ABOUT THIS EXERCISE: Your output must be the lines below from the line containing "Photo of Floating Log 001 - Marquis Gardens" to the line containing "Я так не храплю смотреть онлайн", both lines included, reproduced exactly and without pictures.

RECORDED DATA:

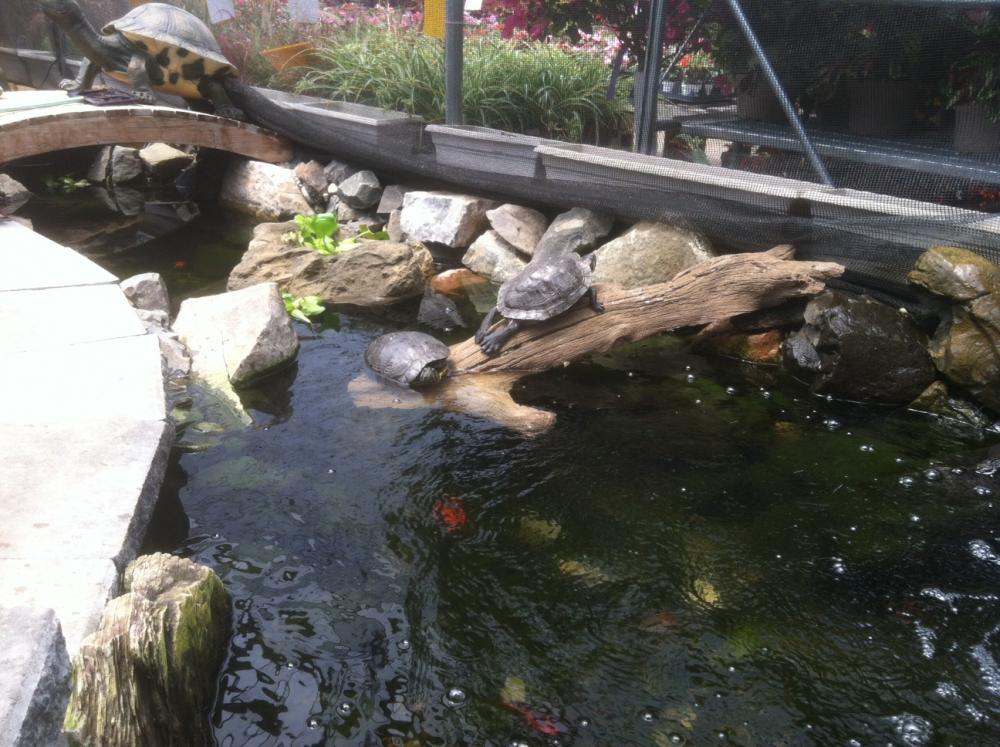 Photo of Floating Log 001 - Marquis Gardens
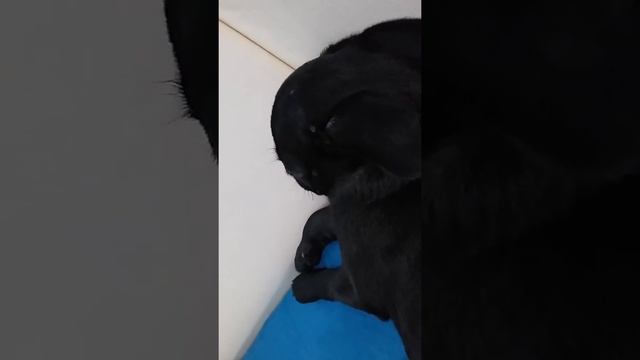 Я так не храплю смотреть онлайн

* * *

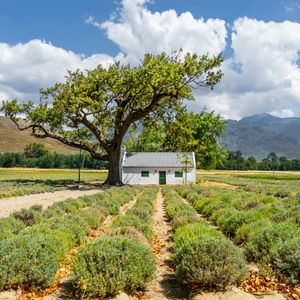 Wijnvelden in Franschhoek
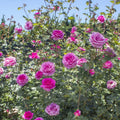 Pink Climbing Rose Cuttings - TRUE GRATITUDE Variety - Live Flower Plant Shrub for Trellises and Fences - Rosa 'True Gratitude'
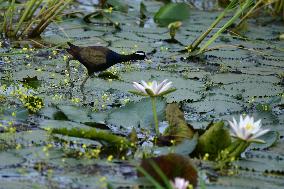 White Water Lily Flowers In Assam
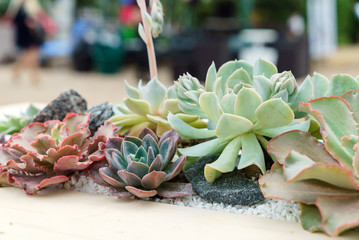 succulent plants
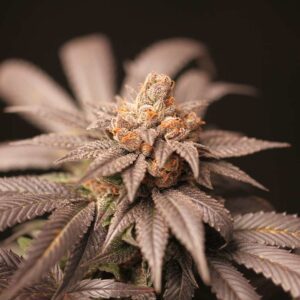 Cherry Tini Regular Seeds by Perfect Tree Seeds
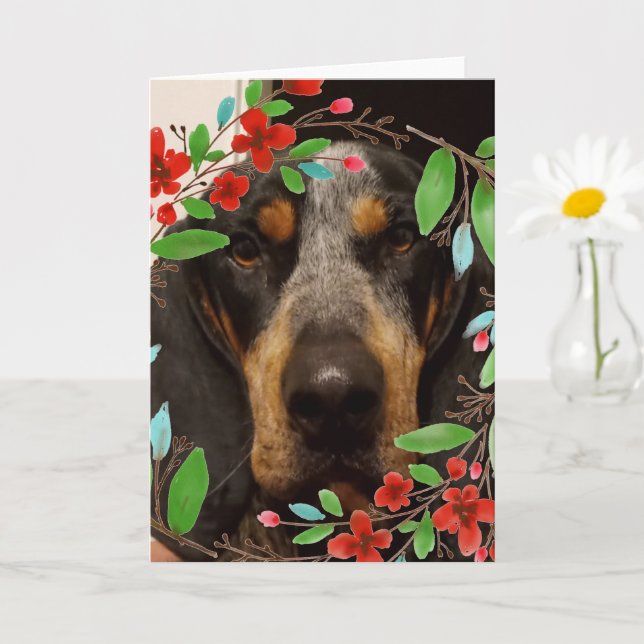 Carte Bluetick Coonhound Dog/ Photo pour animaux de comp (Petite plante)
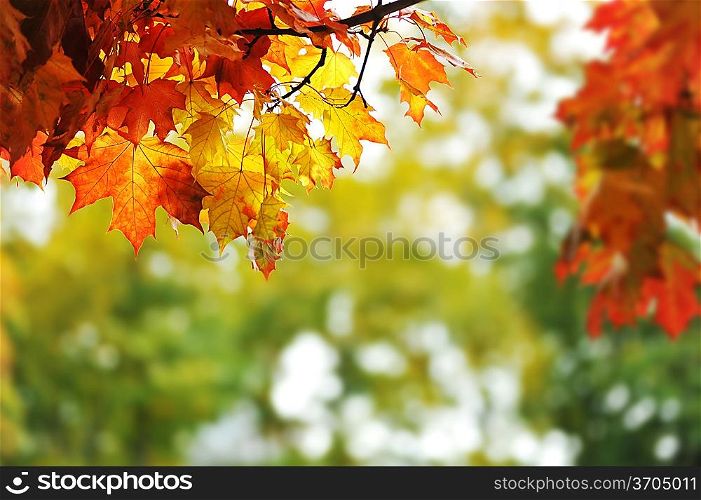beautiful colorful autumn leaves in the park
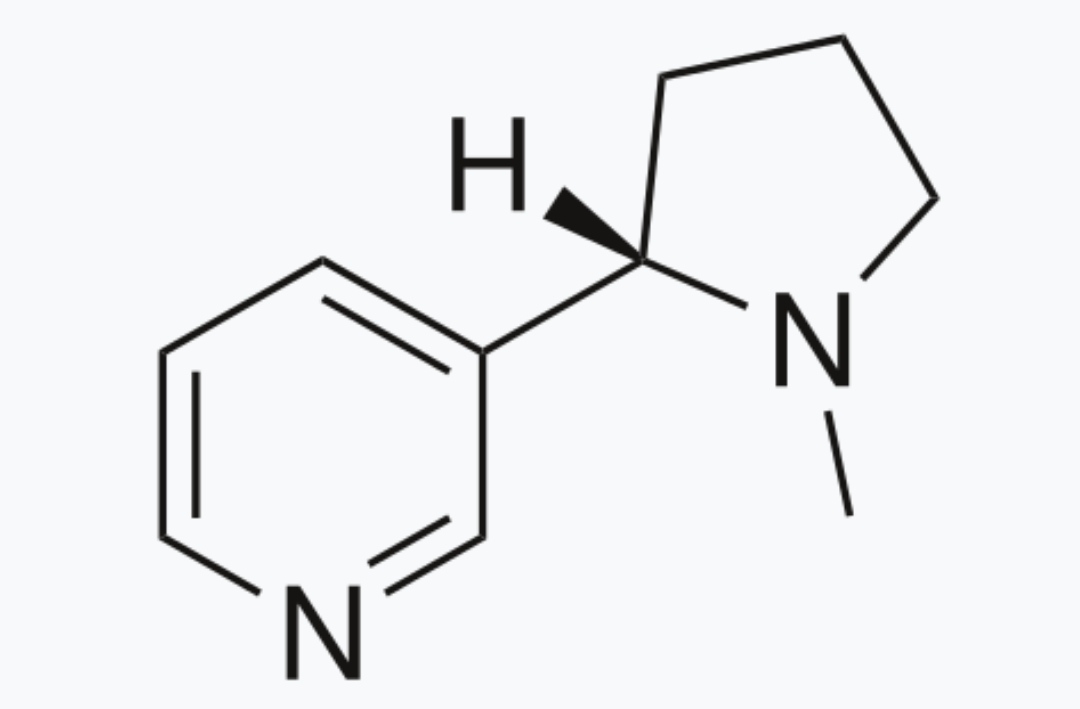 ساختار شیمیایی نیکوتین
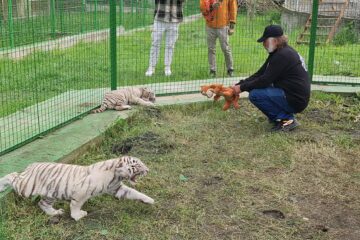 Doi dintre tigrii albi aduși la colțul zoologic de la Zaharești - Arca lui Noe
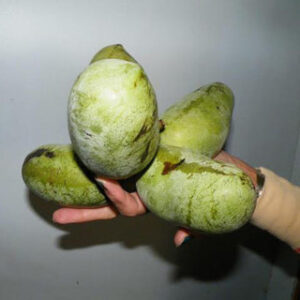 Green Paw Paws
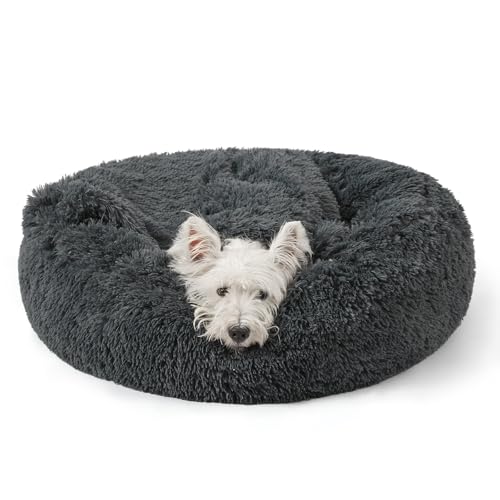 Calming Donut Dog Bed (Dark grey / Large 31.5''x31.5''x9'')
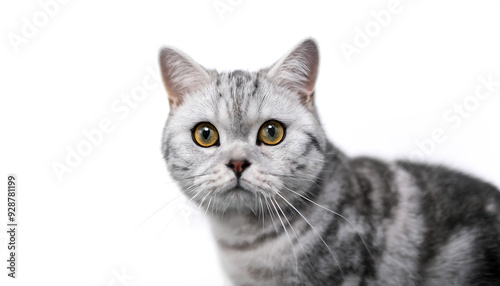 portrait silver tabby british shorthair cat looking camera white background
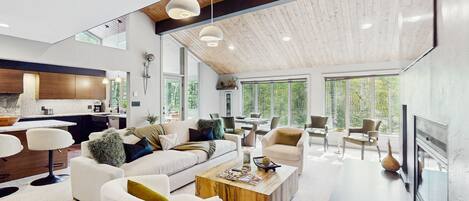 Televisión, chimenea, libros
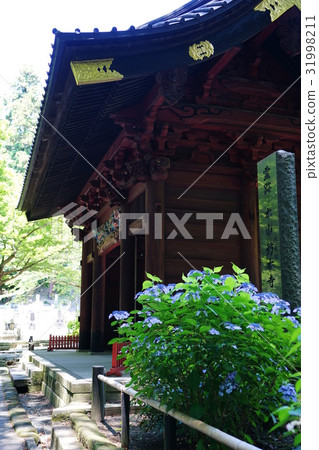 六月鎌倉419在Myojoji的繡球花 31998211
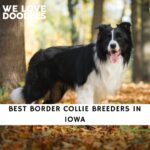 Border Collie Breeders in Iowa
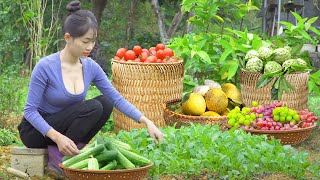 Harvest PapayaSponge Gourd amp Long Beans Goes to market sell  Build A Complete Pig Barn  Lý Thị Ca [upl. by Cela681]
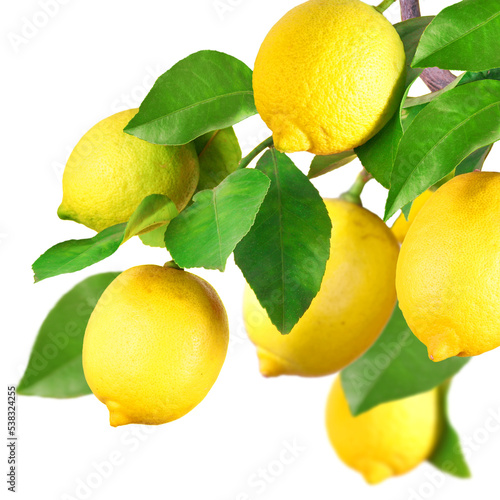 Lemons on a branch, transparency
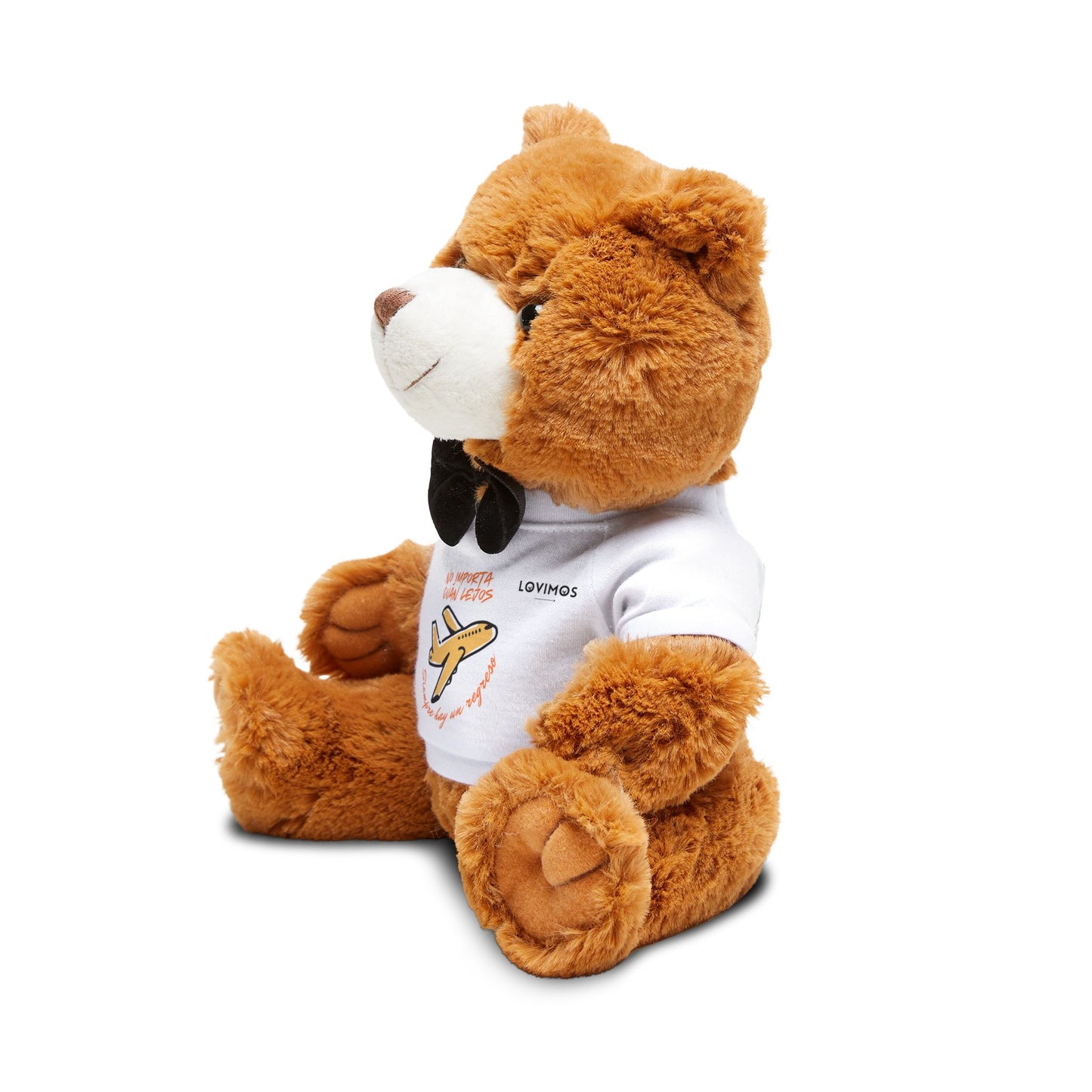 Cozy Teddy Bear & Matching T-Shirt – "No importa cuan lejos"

---

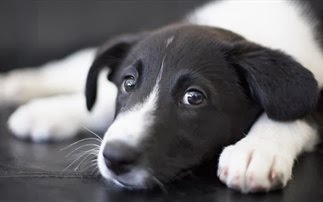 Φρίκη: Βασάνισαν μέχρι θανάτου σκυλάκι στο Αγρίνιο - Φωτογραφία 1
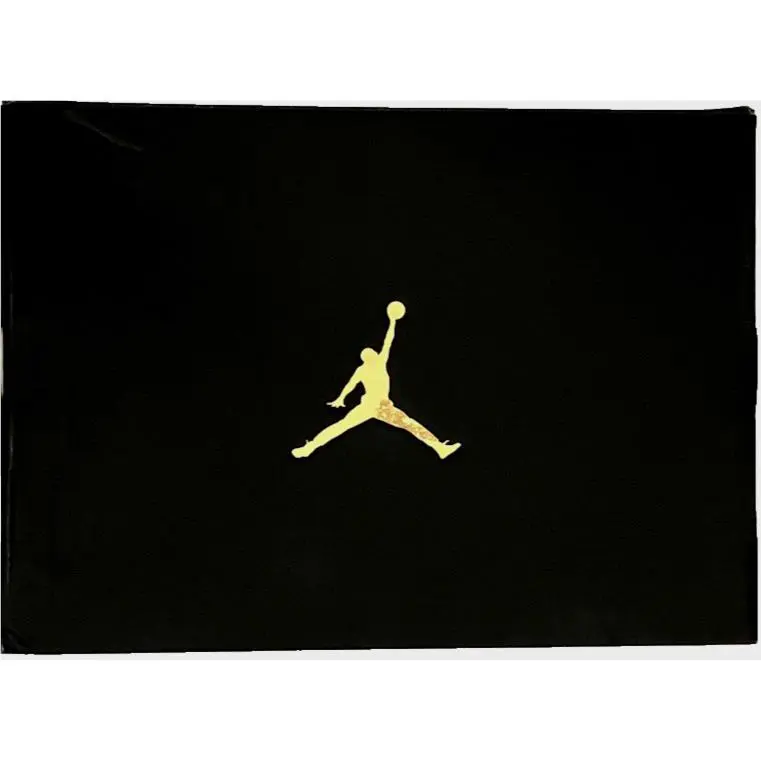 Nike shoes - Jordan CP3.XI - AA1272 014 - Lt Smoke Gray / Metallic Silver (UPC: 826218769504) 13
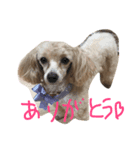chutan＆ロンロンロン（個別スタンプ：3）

RESPONSE TO THE EXERCISE:
 Photo of Floating Log 001 - Marquis Gardens
 Я так не храплю смотреть онлайн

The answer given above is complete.